Many people think knives are only useful in the kitchen, but every survivalist should know better. A knife can be a lifesaving tool– as long as you keep it sharp! Here are some tips to keep your knives well-maintained.

Maintenance    

If you have a stainless steel blade then rusting is not a worry. With carbon steel, you should make sure you dry it after use and apply a thin coat of oil to the blade periodically.  If you are using your knife to cut food, be sure to use a light cooking oil and not a petroleum base oil.
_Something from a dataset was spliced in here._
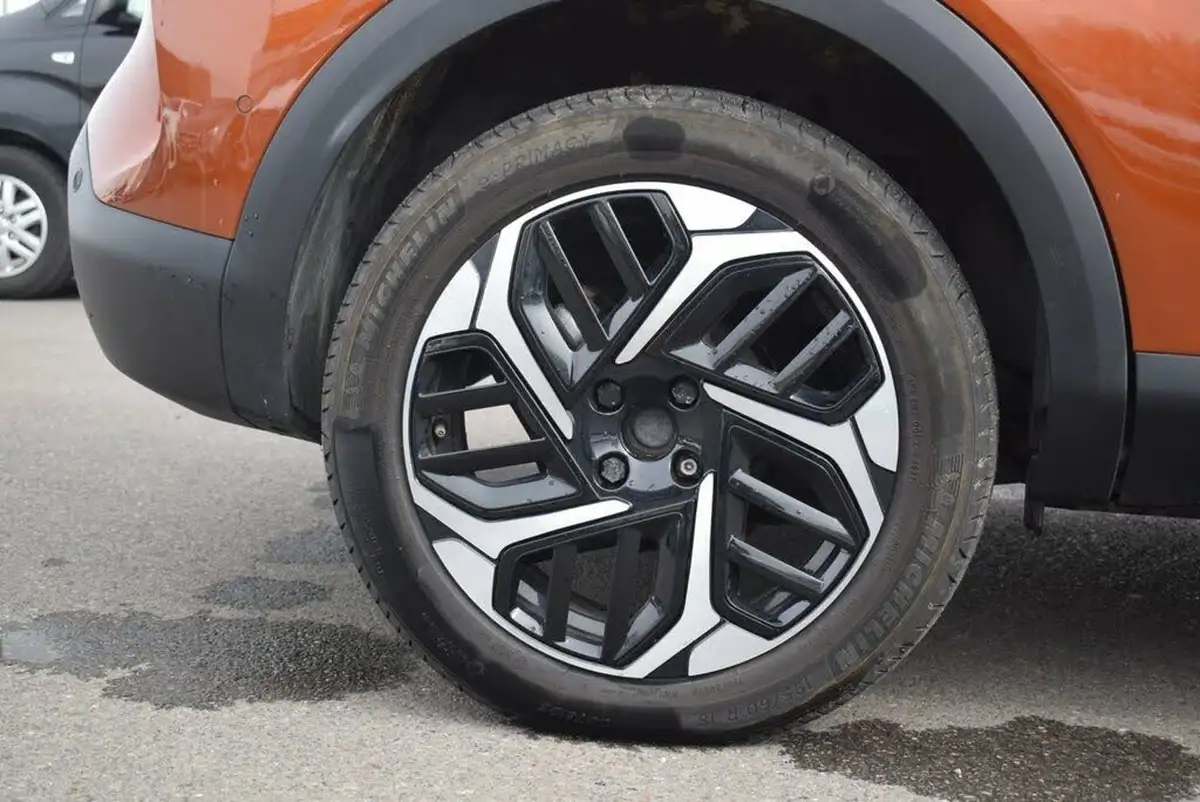 2021-citroen-c4-12-puretech-shine-130ps-big-14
Most synthetic handles should not require any maintenance. Natural handled knives should not be washed in the dishwasher or left soaking in water as it can cause the wood to swell and split. Just hand wash the entire knife with soap and water. Then, wipe dry the blade, pat dry the handle and allow the knife to air dry further.

 

Sharpening   

Sharpening the blade is the most important part of maintaining a useful knife. There are a number of different kinds of sharpeners on the market, but many are not worth the time or money.

Some are just simply bad for the blade, leaving the cutting edge jagged and rough. A good flat sharpening stone is the best way to get a good edge on a blade, but sharpening with a stone requires some practice to master. If you do not have the time for a flat stone then there are other options that have many of the same advantages.

Regular flat stones are of two varieties: oilstones and water stones. The choice between these depends on the fluid used to lubricate the sharpening action. Oilstones do not wear out as quickly, but water stones sharpen faster and leave a finer edge. Oilstones only need a little oil on top when sharpening, wipe off any excess oil when finished and store. Water stones need to be soaked in clean water for about 10-15 minutes before use.  You will also need to keep water on the top while sharpening, store them dry and avoid getting any oils on them. A Japanese water stone is natural stone that has been milled to uniform grit and pressed back together; they are some of the best sharpening stones you can get.

When choosing a stone, consider grit.  Grit is the size of the particles that make up the stone. The higher the number the finer the particles; 80 grit(#) is about like beach sand. At the least you need two stones, one around 800# and another anywhere from 3500# to 5000#. Many Japanese water stones have both grits on one stone, one on either side.  By sharpening first with the coarse grit (800#) you remove any major dings and grind the edge back to the proper shape. The finer grit (4000#) polishes the edge and removes the microscopic burrs that would otherwise quickly break off and dull the edge.

With proper use and care a good knife will last a lifetime or more. Remember to keep it clean, dry and sharp!